Exercise description
Write the entries below again, precisely as they appear.

─── Listed records ───

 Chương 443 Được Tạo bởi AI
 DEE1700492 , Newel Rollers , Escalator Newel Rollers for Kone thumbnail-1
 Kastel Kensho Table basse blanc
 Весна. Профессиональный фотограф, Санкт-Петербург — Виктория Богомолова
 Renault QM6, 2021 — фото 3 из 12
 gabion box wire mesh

───

Answer space
 Chương 443 Được Tạo bởi AI
 DEE1700492 , Newel Rollers , Escalator Newel Rollers for Kone thumbnail-1
 Kastel Kensho Table basse blanc
 Весна. Профессиональный фотограф, Санкт-Петербург — Виктория Богомолова
 Renault QM6, 2021 — фото 3 из 12
 gabion box wire mesh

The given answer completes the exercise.